### ACTIVITY
The records that follow must be repeated exactly as they stand.

Excerpts from a dataset:

* * * *

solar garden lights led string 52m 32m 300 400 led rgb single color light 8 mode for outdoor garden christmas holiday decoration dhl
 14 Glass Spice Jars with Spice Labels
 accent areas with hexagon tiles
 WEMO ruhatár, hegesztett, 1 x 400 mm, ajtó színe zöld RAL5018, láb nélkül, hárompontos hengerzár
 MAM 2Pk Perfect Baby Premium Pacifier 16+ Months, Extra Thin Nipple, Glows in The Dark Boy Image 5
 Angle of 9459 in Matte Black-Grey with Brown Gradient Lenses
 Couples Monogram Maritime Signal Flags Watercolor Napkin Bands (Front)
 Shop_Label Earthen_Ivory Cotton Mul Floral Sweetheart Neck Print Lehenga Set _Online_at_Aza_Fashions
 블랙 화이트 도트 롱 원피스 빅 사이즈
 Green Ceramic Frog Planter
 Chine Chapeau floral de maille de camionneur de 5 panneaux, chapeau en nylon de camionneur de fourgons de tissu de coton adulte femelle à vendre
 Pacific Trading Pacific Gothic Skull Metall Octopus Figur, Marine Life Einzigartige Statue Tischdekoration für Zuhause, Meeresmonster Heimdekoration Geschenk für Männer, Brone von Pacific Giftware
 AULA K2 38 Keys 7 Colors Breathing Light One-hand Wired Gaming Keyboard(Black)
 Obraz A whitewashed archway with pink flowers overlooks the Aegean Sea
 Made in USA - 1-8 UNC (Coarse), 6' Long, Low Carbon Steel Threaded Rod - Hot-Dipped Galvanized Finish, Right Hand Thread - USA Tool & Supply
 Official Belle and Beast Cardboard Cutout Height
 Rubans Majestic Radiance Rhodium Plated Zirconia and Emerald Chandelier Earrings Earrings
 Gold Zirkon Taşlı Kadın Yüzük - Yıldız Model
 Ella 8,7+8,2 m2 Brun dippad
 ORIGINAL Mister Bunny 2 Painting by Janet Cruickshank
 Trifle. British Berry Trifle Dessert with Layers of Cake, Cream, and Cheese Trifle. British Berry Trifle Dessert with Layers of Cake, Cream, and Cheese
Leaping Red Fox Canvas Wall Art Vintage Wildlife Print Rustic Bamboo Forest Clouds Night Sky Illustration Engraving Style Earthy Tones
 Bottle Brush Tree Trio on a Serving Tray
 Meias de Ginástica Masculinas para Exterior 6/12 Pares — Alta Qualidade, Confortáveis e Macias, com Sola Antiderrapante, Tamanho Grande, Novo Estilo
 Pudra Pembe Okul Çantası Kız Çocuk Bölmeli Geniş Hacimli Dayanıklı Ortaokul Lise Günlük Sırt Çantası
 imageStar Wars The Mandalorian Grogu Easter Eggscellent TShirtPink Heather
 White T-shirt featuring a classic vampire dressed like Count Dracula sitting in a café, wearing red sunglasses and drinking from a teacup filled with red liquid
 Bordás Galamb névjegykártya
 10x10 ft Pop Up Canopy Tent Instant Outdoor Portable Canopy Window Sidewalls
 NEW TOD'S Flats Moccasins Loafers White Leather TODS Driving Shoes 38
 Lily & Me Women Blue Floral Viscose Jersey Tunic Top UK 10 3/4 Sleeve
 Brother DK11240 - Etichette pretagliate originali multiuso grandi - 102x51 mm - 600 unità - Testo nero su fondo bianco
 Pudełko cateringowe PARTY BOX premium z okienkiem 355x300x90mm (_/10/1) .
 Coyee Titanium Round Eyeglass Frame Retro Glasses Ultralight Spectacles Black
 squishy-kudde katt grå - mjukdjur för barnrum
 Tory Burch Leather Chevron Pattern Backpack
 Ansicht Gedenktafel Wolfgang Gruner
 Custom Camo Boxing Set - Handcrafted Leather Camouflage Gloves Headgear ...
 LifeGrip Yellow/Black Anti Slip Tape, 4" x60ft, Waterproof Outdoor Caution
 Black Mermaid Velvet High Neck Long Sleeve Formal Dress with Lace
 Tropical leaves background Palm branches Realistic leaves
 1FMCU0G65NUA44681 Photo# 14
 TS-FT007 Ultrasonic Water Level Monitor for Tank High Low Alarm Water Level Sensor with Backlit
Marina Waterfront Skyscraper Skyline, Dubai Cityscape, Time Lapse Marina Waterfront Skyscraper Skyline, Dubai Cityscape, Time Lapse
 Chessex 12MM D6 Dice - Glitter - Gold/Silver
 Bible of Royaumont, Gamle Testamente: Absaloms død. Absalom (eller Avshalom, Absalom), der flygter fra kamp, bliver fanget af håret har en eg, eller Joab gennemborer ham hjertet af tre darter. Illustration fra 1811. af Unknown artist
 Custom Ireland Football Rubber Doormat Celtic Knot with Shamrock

* * * *

### ANSWER BELOW
solar garden lights led string 52m 32m 300 400 led rgb single color light 8 mode for outdoor garden christmas holiday decoration dhl
 14 Glass Spice Jars with Spice Labels
 accent areas with hexagon tiles
 WEMO ruhatár, hegesztett, 1 x 400 mm, ajtó színe zöld RAL5018, láb nélkül, hárompontos hengerzár
 MAM 2Pk Perfect Baby Premium Pacifier 16+ Months, Extra Thin Nipple, Glows in The Dark Boy Image 5
 Angle of 9459 in Matte Black-Grey with Brown Gradient Lenses
 Couples Monogram Maritime Signal Flags Watercolor Napkin Bands (Front)
 Shop_Label Earthen_Ivory Cotton Mul Floral Sweetheart Neck Print Lehenga Set _Online_at_Aza_Fashions
 블랙 화이트 도트 롱 원피스 빅 사이즈
 Green Ceramic Frog Planter
 Chine Chapeau floral de maille de camionneur de 5 panneaux, chapeau en nylon de camionneur de fourgons de tissu de coton adulte femelle à vendre
 Pacific Trading Pacific Gothic Skull Metall Octopus Figur, Marine Life Einzigartige Statue Tischdekoration für Zuhause, Meeresmonster Heimdekoration Geschenk für Männer, Brone von Pacific Giftware
 AULA K2 38 Keys 7 Colors Breathing Light One-hand Wired Gaming Keyboard(Black)
 Obraz A whitewashed archway with pink flowers overlooks the Aegean Sea
 Made in USA - 1-8 UNC (Coarse), 6' Long, Low Carbon Steel Threaded Rod - Hot-Dipped Galvanized Finish, Right Hand Thread - USA Tool & Supply
 Official Belle and Beast Cardboard Cutout Height
 Rubans Majestic Radiance Rhodium Plated Zirconia and Emerald Chandelier Earrings Earrings
 Gold Zirkon Taşlı Kadın Yüzük - Yıldız Model
 Ella 8,7+8,2 m2 Brun dippad
 ORIGINAL Mister Bunny 2 Painting by Janet Cruickshank
 Trifle. British Berry Trifle Dessert with Layers of Cake, Cream, and Cheese Trifle. British Berry Trifle Dessert with Layers of Cake, Cream, and Cheese
Leaping Red Fox Canvas Wall Art Vintage Wildlife Print Rustic Bamboo Forest Clouds Night Sky Illustration Engraving Style Earthy Tones
 Bottle Brush Tree Trio on a Serving Tray
 Meias de Ginástica Masculinas para Exterior 6/12 Pares — Alta Qualidade, Confortáveis e Macias, com Sola Antiderrapante, Tamanho Grande, Novo Estilo
 Pudra Pembe Okul Çantası Kız Çocuk Bölmeli Geniş Hacimli Dayanıklı Ortaokul Lise Günlük Sırt Çantası
 imageStar Wars The Mandalorian Grogu Easter Eggscellent TShirtPink Heather
 White T-shirt featuring a classic vampire dressed like Count Dracula sitting in a café, wearing red sunglasses and drinking from a teacup filled with red liquid
 Bordás Galamb névjegykártya
 10x10 ft Pop Up Canopy Tent Instant Outdoor Portable Canopy Window Sidewalls
 NEW TOD'S Flats Moccasins Loafers White Leather TODS Driving Shoes 38
 Lily & Me Women Blue Floral Viscose Jersey Tunic Top UK 10 3/4 Sleeve
 Brother DK11240 - Etichette pretagliate originali multiuso grandi - 102x51 mm - 600 unità - Testo nero su fondo bianco
 Pudełko cateringowe PARTY BOX premium z okienkiem 355x300x90mm (_/10/1) .
 Coyee Titanium Round Eyeglass Frame Retro Glasses Ultralight Spectacles Black
 squishy-kudde katt grå - mjukdjur för barnrum
 Tory Burch Leather Chevron Pattern Backpack
 Ansicht Gedenktafel Wolfgang Gruner
 Custom Camo Boxing Set - Handcrafted Leather Camouflage Gloves Headgear ...
 LifeGrip Yellow/Black Anti Slip Tape, 4" x60ft, Waterproof Outdoor Caution
 Black Mermaid Velvet High Neck Long Sleeve Formal Dress with Lace
 Tropical leaves background Palm branches Realistic leaves
 1FMCU0G65NUA44681 Photo# 14
 TS-FT007 Ultrasonic Water Level Monitor for Tank High Low Alarm Water Level Sensor with Backlit
Marina Waterfront Skyscraper Skyline, Dubai Cityscape, Time Lapse Marina Waterfront Skyscraper Skyline, Dubai Cityscape, Time Lapse
 Chessex 12MM D6 Dice - Glitter - Gold/Silver
 Bible of Royaumont, Gamle Testamente: Absaloms død. Absalom (eller Avshalom, Absalom), der flygter fra kamp, bliver fanget af håret har en eg, eller Joab gennemborer ham hjertet af tre darter. Illustration fra 1811. af Unknown artist
 Custom Ireland Football Rubber Doormat Celtic Knot with Shamrock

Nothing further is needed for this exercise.